EXERCISE GOAL ::
The listing is to be reproduced exactly, excluding its pictures.
(DATA begins)
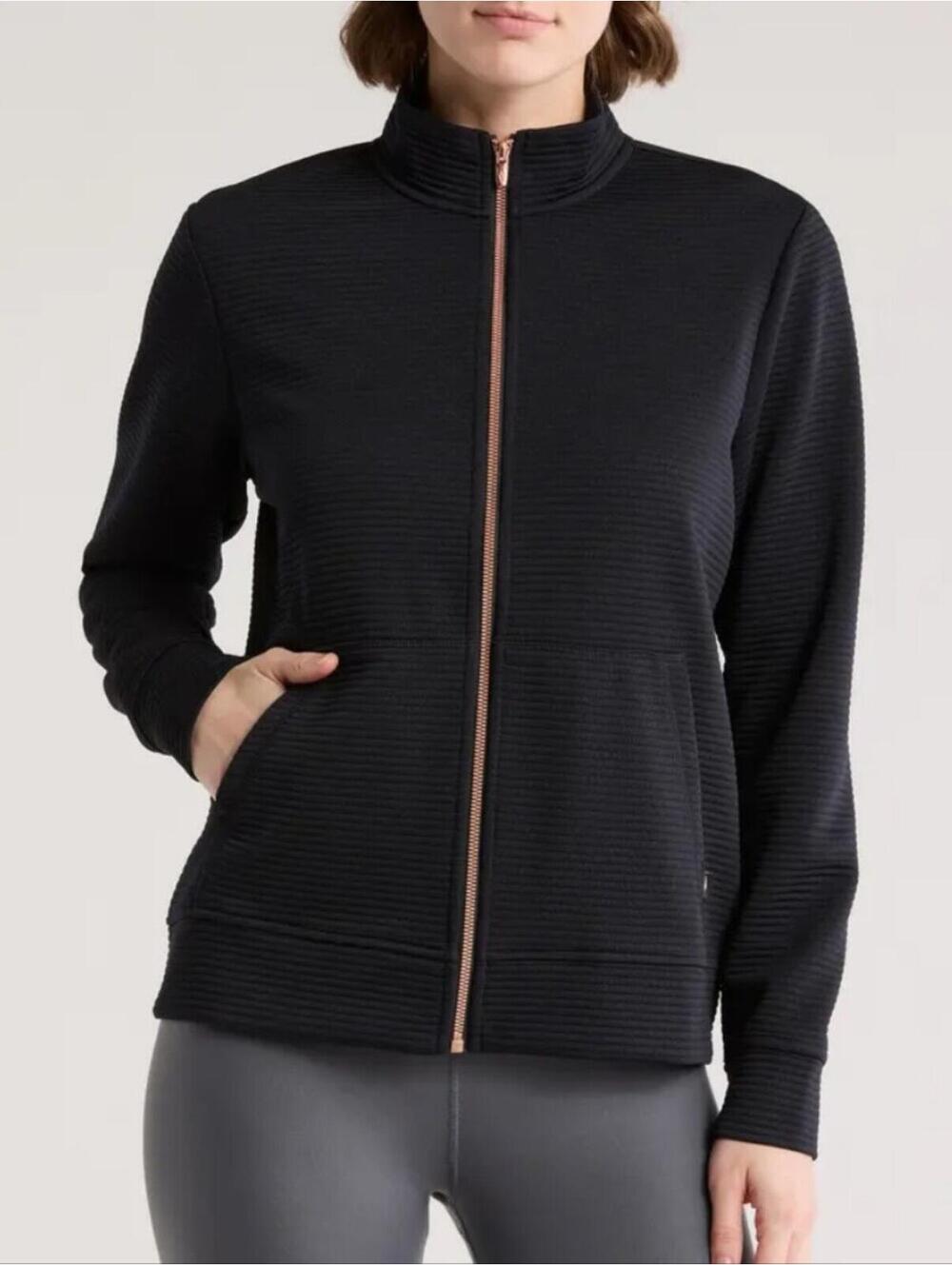 Skechers Women's L Black Ribbed Zip-Up Sweatshirt with Contrast Gold Zipper Gym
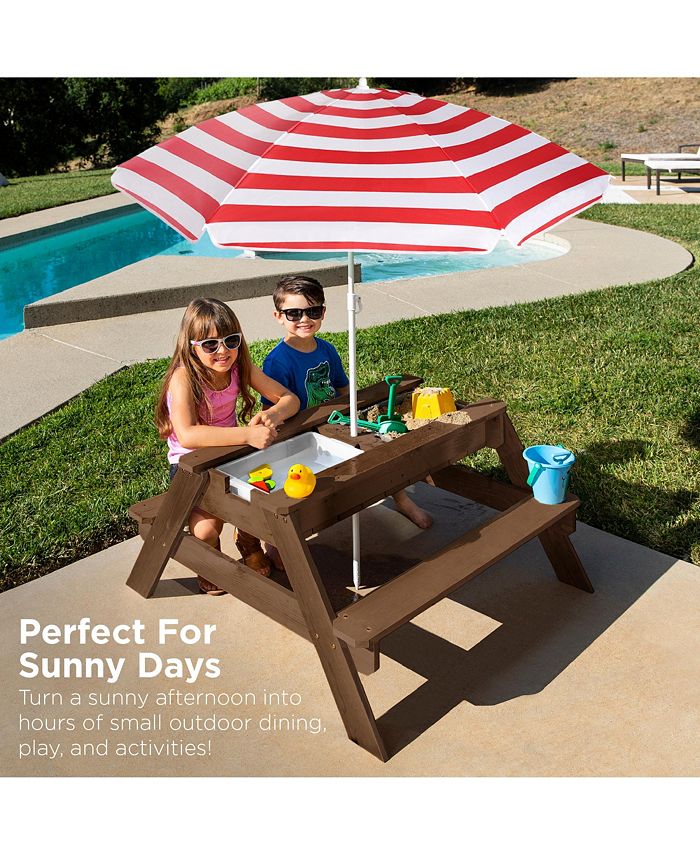 Best Choice Products Kids 3-in-1 Outdoor Convertible Activity Sand & Water Picnic Table w/ Umbrella - Red -C10-0425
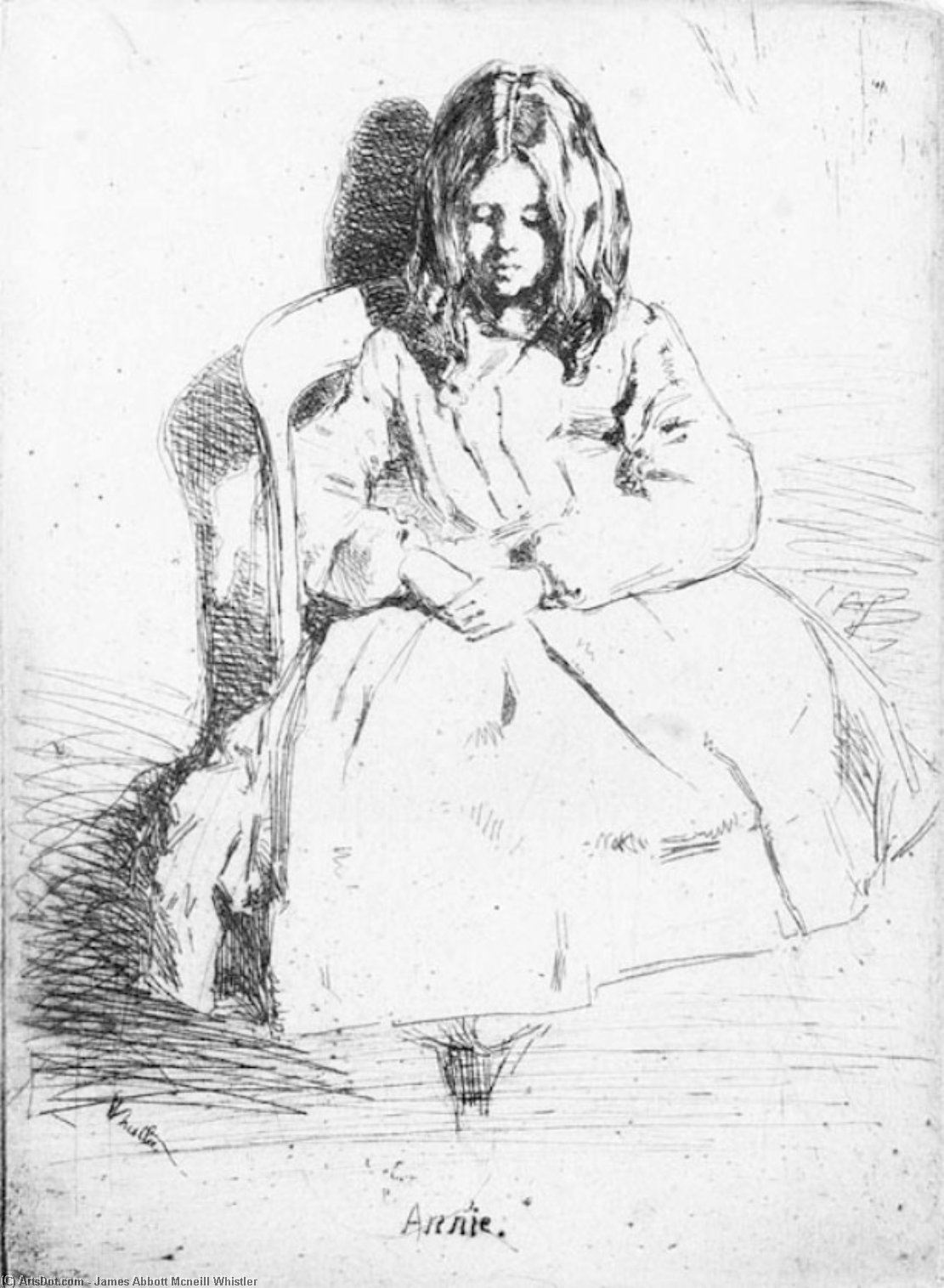 WikiOO.org - Encyclopedia of Fine Arts - Maľba, Artwork James Abbott Mcneill Whistler - Annie Seated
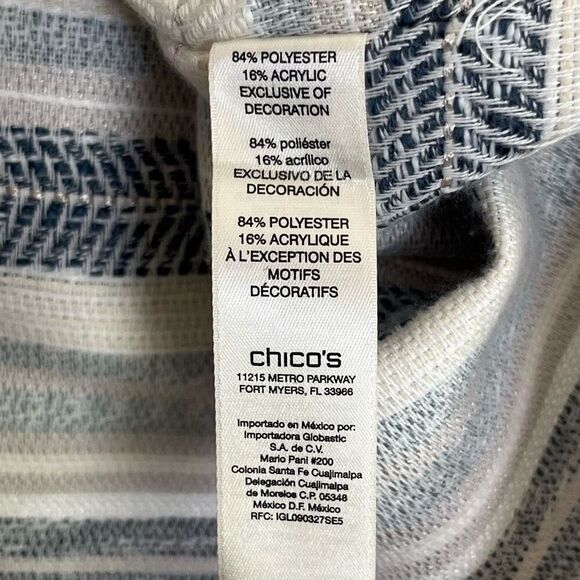 Chico's Striped Moto Jacket Womens XL 3 Tapestry Textured Zip Jacket Blue Silver - Picture 10 of 14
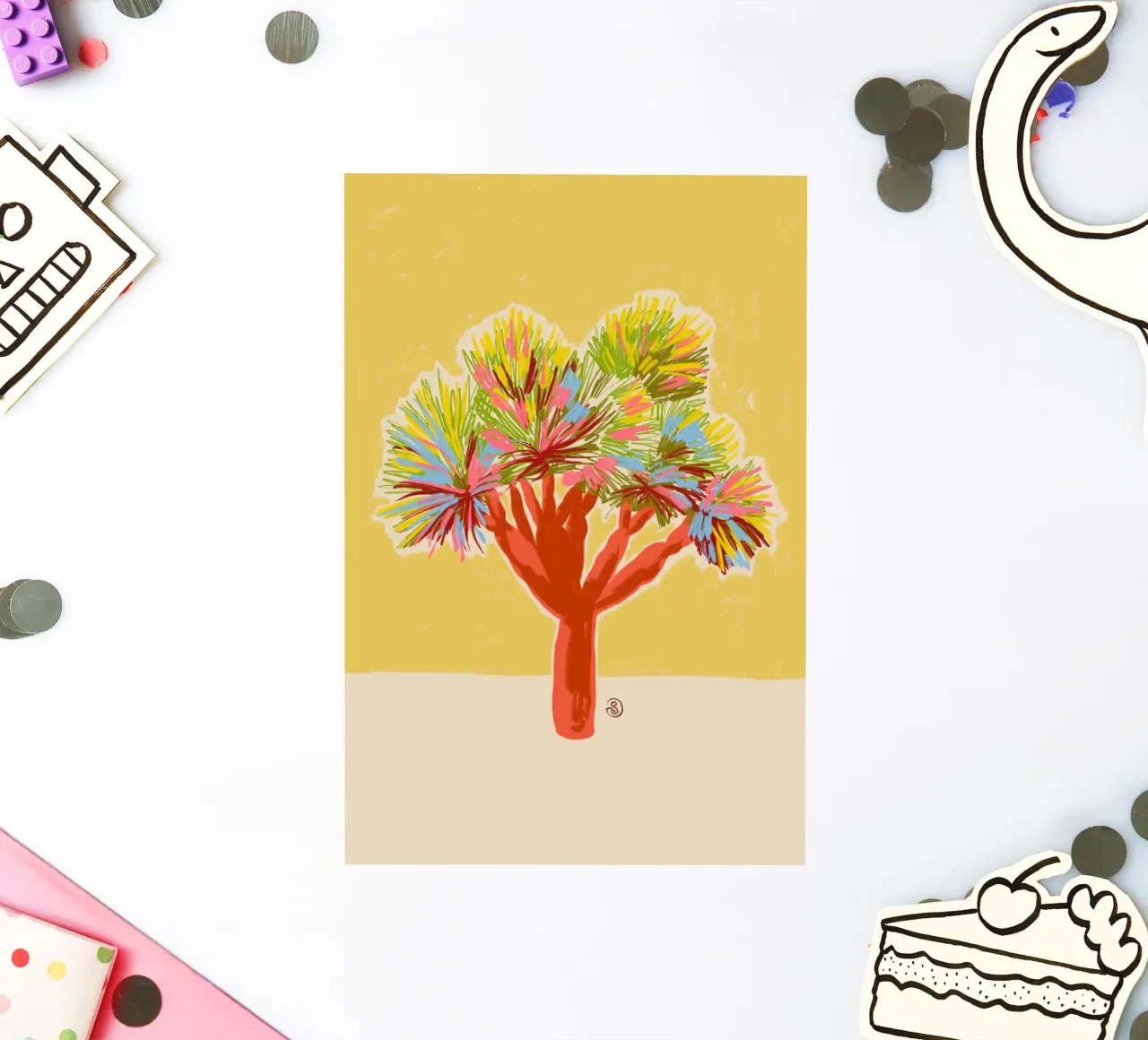 COLORFUL DRAGON TREE sticker by Sandra Poliakov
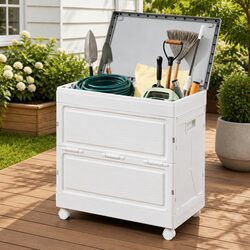 Outdoor Storage Box 159L Stackable Beige Wheels Portable Foldable Garden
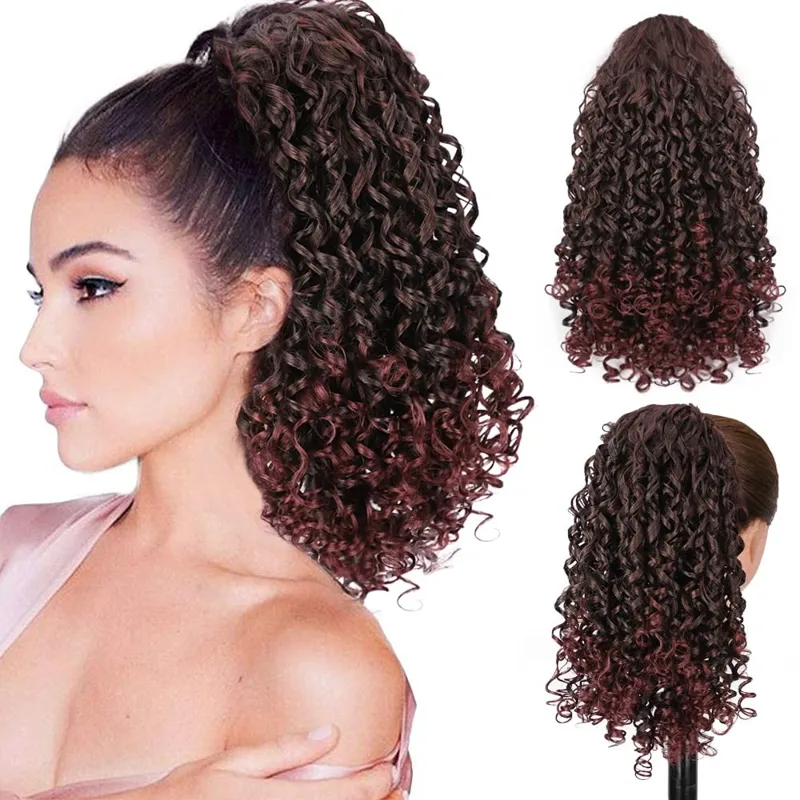 Hot bán bán buôn dây rút tổng hợp tóc ponytails xoăn cho phụ nữ Châu Phi ngắn afro kinky ponytail Beanie mở rộng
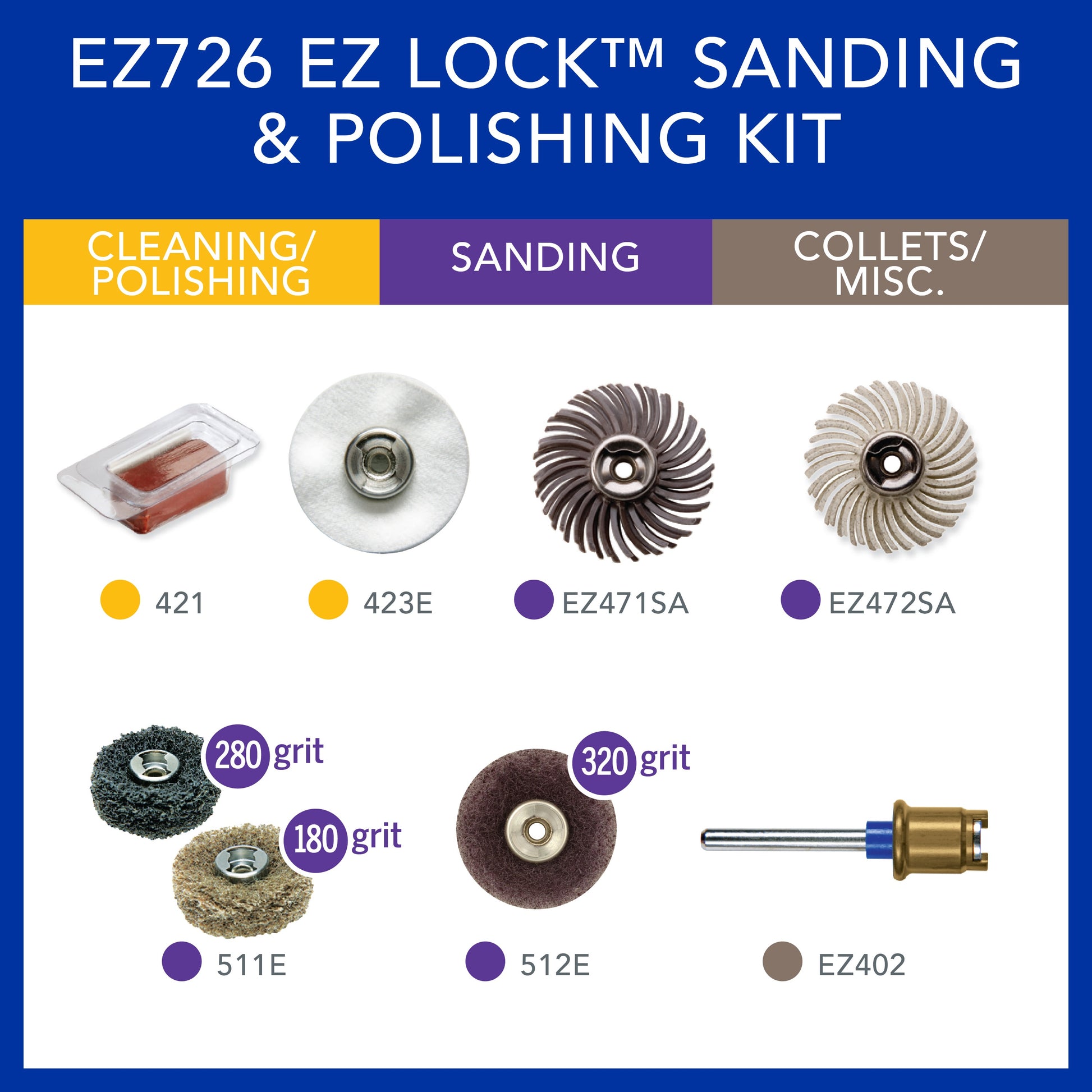 Dremel 8pc EZ Lock Sanding & Polishing Rotary Accessory Micro Kit EZ726-01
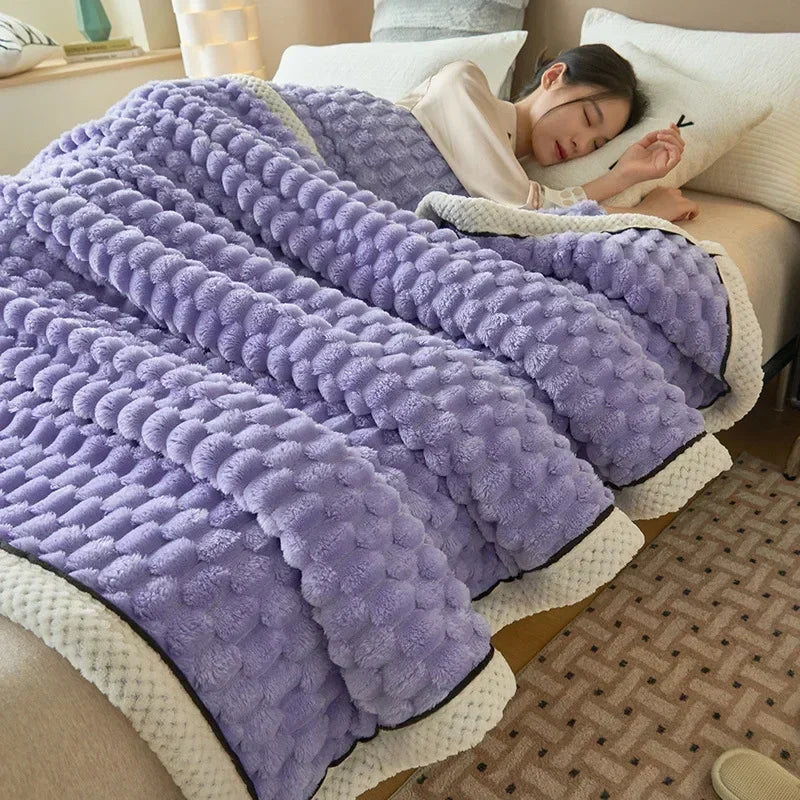 Plaid Coral Fleece Warm Blanket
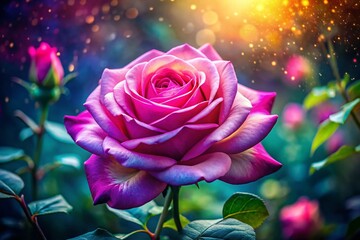 Surreal Fuchsia Pink Rose: Dreamlike Variegated Bloom in Magical Garden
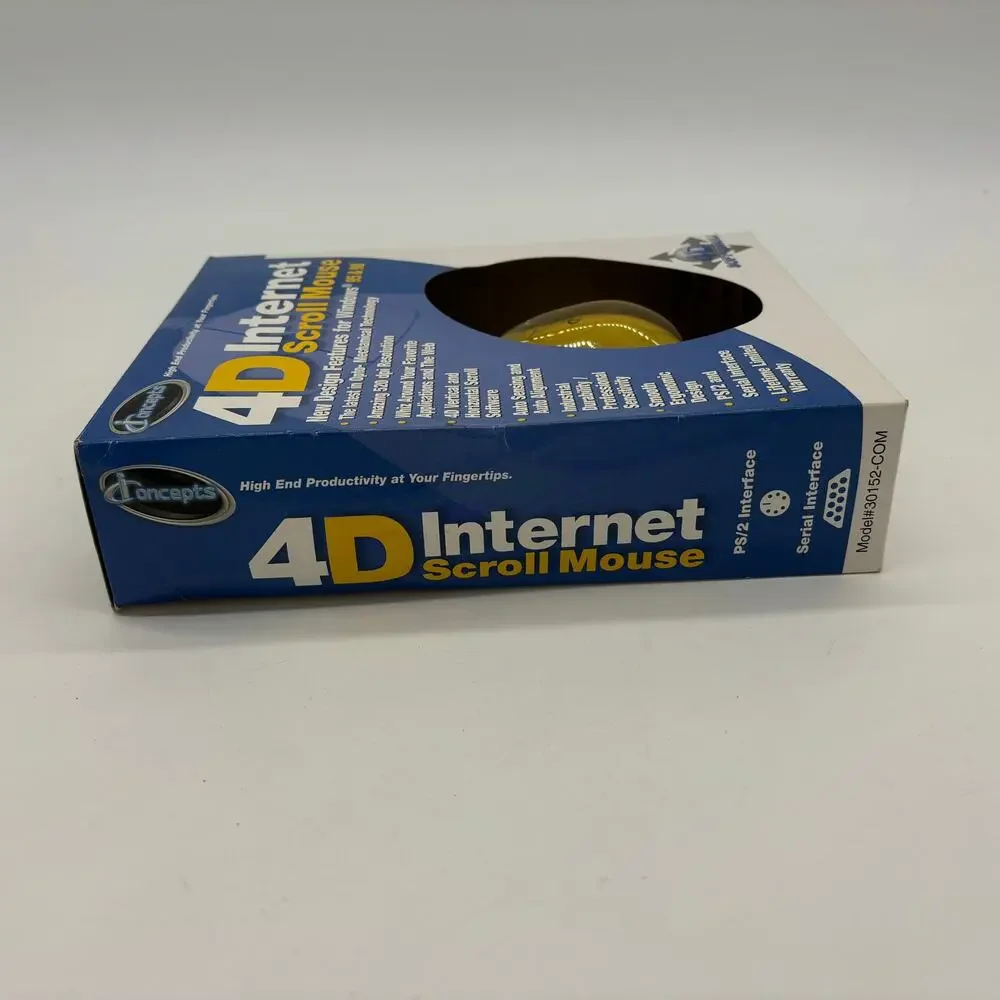 Vtg Iconcepts 4D Internet Soft Scroll Mouse Windows 95 98 Computer Laptop 520dpi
(DATA ends)
SOLUTION FOR THIS TASK ::
 Skechers Women's L Black Ribbed Zip-Up Sweatshirt with Contrast Gold Zipper Gym
 Best Choice Products Kids 3-in-1 Outdoor Convertible Activity Sand & Water Picnic Table w/ Umbrella - Red -C10-0425
 WikiOO.org - Encyclopedia of Fine Arts - Maľba, Artwork James Abbott Mcneill Whistler - Annie Seated
 Chico's Striped Moto Jacket Womens XL 3 Tapestry Textured Zip Jacket Blue Silver - Picture 10 of 14
 COLORFUL DRAGON TREE sticker by Sandra Poliakov
 Outdoor Storage Box 159L Stackable Beige Wheels Portable Foldable Garden
 Hot bán bán buôn dây rút tổng hợp tóc ponytails xoăn cho phụ nữ Châu Phi ngắn afro kinky ponytail Beanie mở rộng
 Dremel 8pc EZ Lock Sanding & Polishing Rotary Accessory Micro Kit EZ726-01
 Plaid Coral Fleece Warm Blanket
 Surreal Fuchsia Pink Rose: Dreamlike Variegated Bloom in Magical Garden
 Vtg Iconcepts 4D Internet Soft Scroll Mouse Windows 95 98 Computer Laptop 520dpi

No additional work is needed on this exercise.